▸ PROMPT:
Output the entries word for word. Omit images.

Segment Start: RECORD EXTRACTS

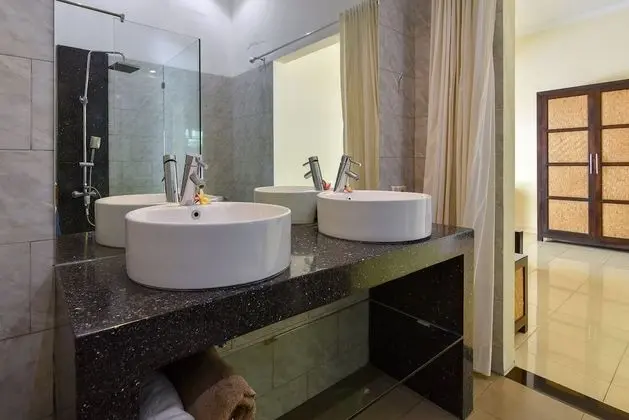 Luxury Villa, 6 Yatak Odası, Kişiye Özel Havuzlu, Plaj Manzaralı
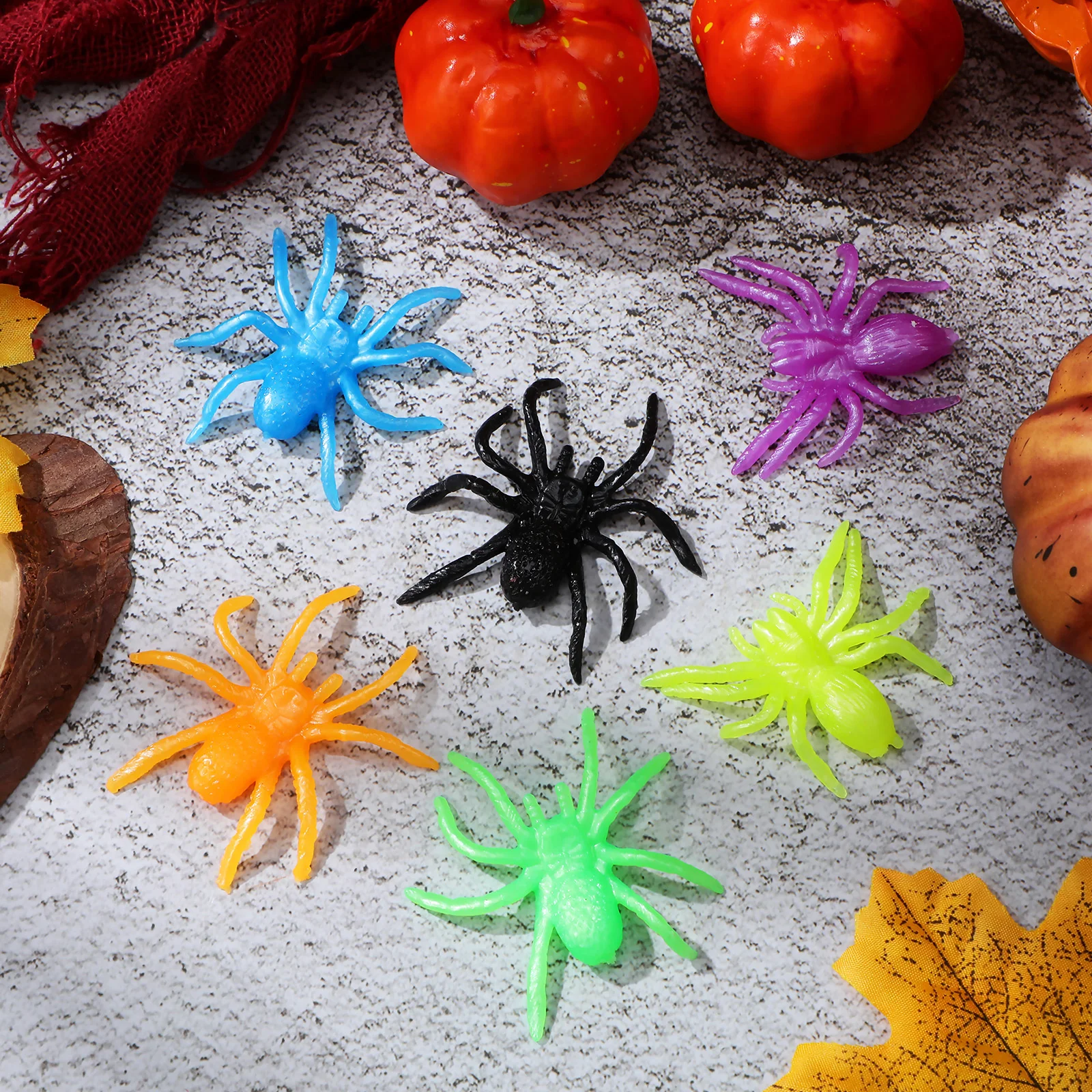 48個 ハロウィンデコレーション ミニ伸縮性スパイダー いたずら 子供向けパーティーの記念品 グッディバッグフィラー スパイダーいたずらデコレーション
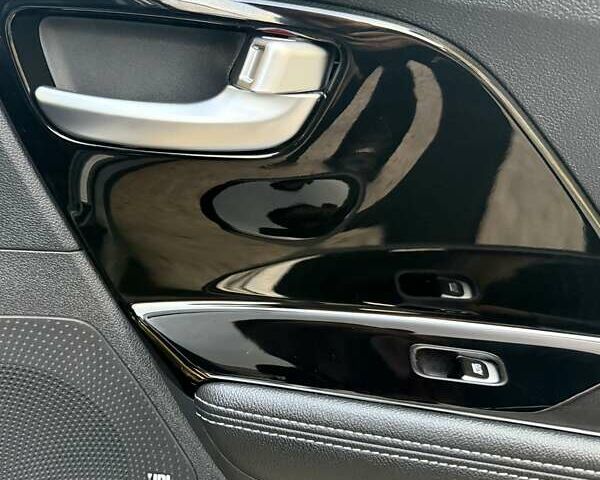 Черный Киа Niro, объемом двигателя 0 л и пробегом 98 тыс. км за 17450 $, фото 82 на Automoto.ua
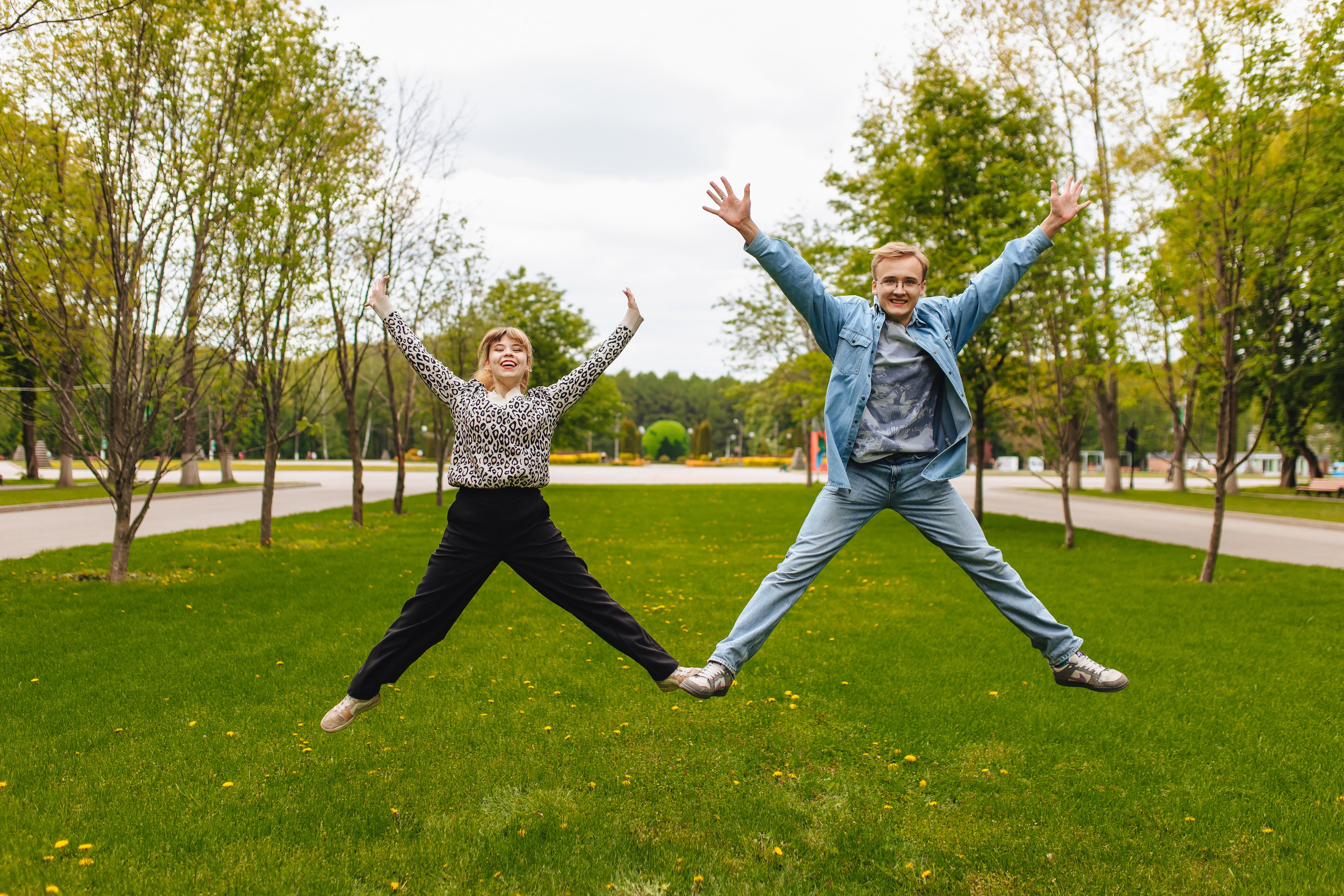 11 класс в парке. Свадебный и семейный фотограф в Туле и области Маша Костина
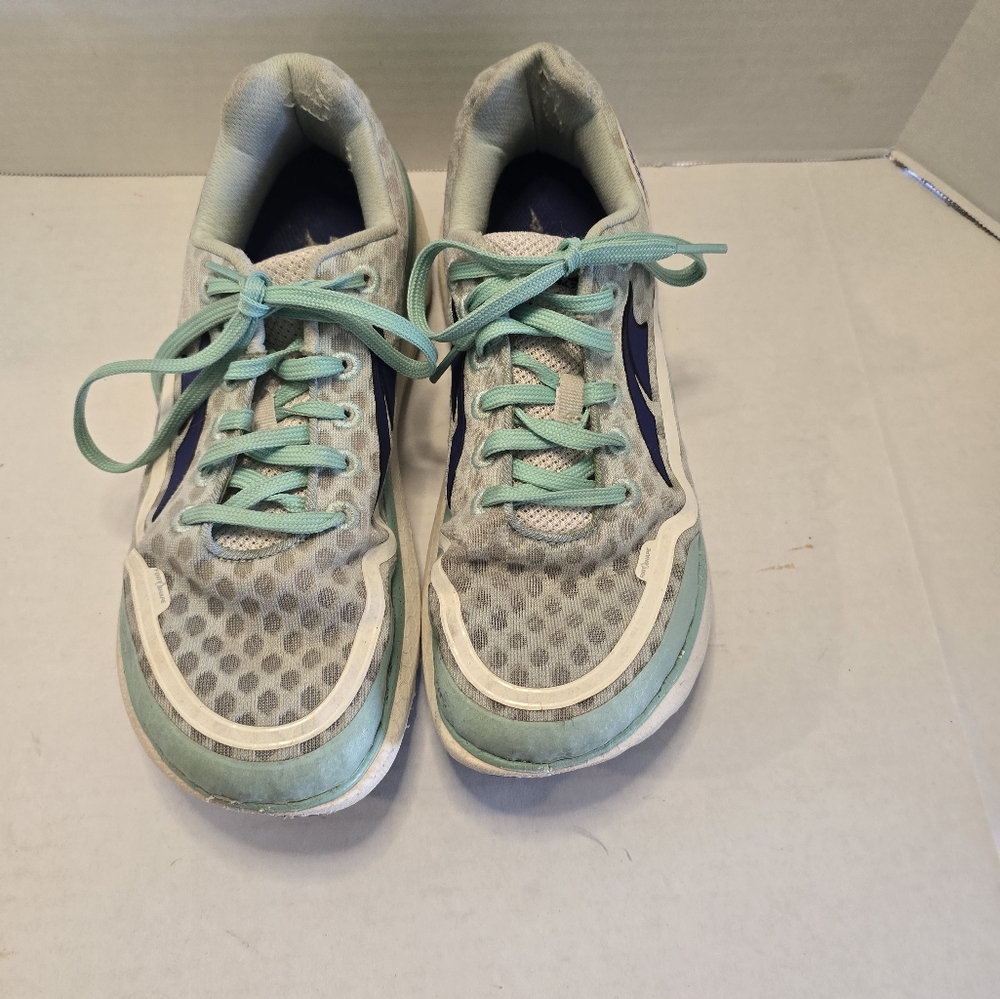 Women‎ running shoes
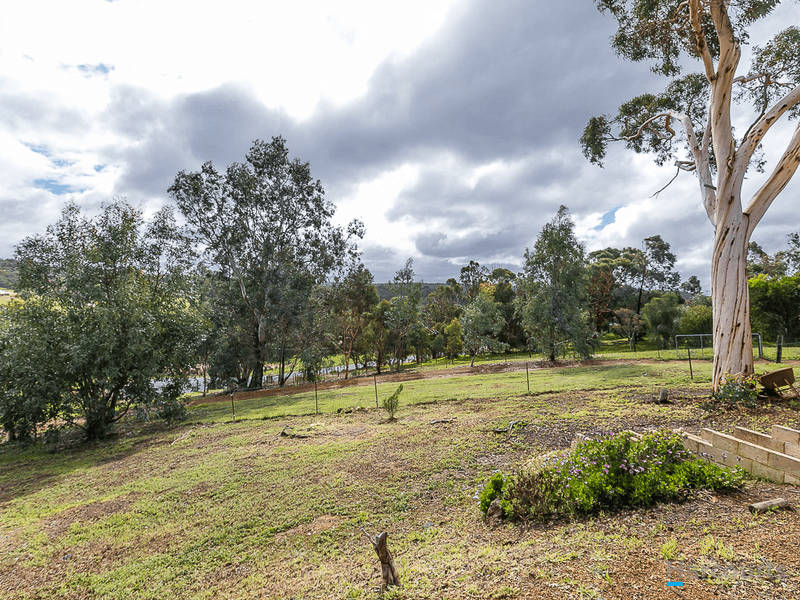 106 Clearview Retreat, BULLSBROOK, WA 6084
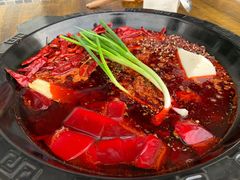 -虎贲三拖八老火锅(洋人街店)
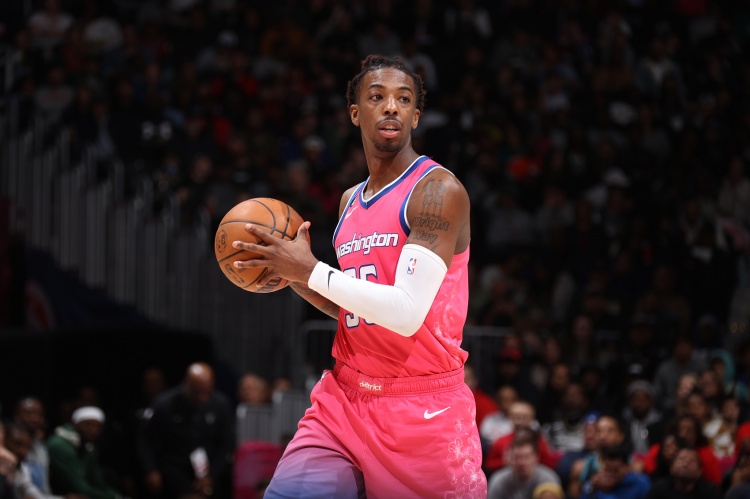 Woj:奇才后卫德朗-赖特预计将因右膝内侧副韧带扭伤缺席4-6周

Segment End: RECORD EXTRACTS

▸ EXPECTED ANSWER:
 Luxury Villa, 6 Yatak Odası, Kişiye Özel Havuzlu, Plaj Manzaralı
 48個 ハロウィンデコレーション ミニ伸縮性スパイダー いたずら 子供向けパーティーの記念品 グッディバッグフィラー スパイダーいたずらデコレーション
 Черный Киа Niro, объемом двигателя 0 л и пробегом 98 тыс. км за 17450 $, фото 82 на Automoto.ua
 11 класс в парке. Свадебный и семейный фотограф в Туле и области Маша Костина
 Women‎ running shoes
 106 Clearview Retreat, BULLSBROOK, WA 6084
 -虎贲三拖八老火锅(洋人街店)
 Woj:奇才后卫德朗-赖特预计将因右膝内侧副韧带扭伤缺席4-6周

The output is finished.